Ele mostra que conceitos como “normalidade”, “desvio”, “cura”, “identidade sexual”, “população” — tidos como neutros ou científicos — são produtos históricos, ligados a relações de poder.
A genealogia, em Foucault, não busca “a origem verdadeira” das coisas, mas como determinadas práticas se constituíram, se legitimaram e passaram a parecer naturais.
3. Características do método genealógico
Contra a linearidade histórica
A genealogia não conta histórias de progresso. Ela mostra rupturas, esquecimentos, acidentes, e como o passado é cheio de bifurcações — muitas delas reprimidas.
Contra as essências
Ela recusa a ideia de que existem essências fixas como “o humano”, “a sexualidade”, “o Estado”. Tudo isso é produto de práticas históricas e discursos situados.
Contra a neutralidade do saber
A genealogia mostra que todo saber está atravessado por relações de poder. Não há conhecimento “puro”; há saberes que produzem efeitos de verdade, organizam a sociedade e moldam subjetividades.

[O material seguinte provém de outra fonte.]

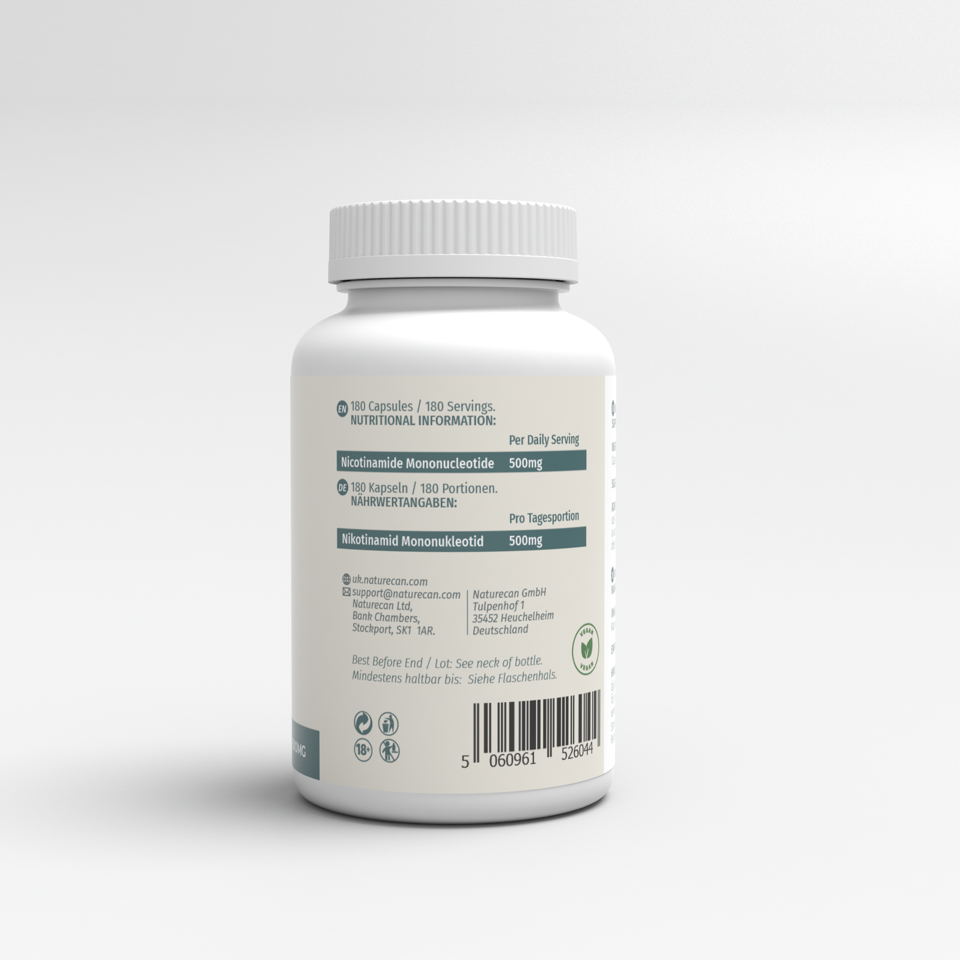 Suplement Naturecan NMN – widok tylnej etykiety.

4. Por que a genealogia importa hoje?
Em tempos de discursos autoritários, essencialismos identitários e nostalgias perigosas, a genealogia oferece um antídoto: o pensamento histórico como forma de resistência. Ela nos permite:
- Questionar as normas que regulam o corpo, a sexualidade, o trabalho, a escola, a cidadania;
- Desnaturalizar discursos políticos e jurídicos que se apresentam como neutros;
- Identificar as exclusões e violências que sustentam o que é considerado “normal”;
- Imaginar outras formas de vida, fora do que nos é dado como único caminho possível.
Genealogia como prática crítica
A genealogia não é um método “técnico”, com regras fixas. É mais uma atitude filosófica, uma forma de pensar que parte da pergunta: como chegamos a ser governados desta maneira — e como poderíamos ser de outro modo?
Nas mãos de pensadores como Judith Butler, Achille Mbembe, Paul Preciado e Frantz Fanon, a genealogia se torna ferramenta para desmantelar o racismo, o colonialismo, o patriarcado, a heteronormatividade e outros regimes de poder que moldam nossos corpos e desejos.
Conclusão: pensar para transformar
A genealogia nos mostra que o mundo não precisa ser como é. Ela revela que o presente é uma construção — e que tudo que foi feito, pode ser desfeito. Isso não garante libertação imediata, mas abre o campo do possível.
Fazer genealogia é, portanto, um ato de coragem filosófica: olhar de frente para o que nos parece inevitável e dizer — não foi sempre assim, e não precisa continuar sendo.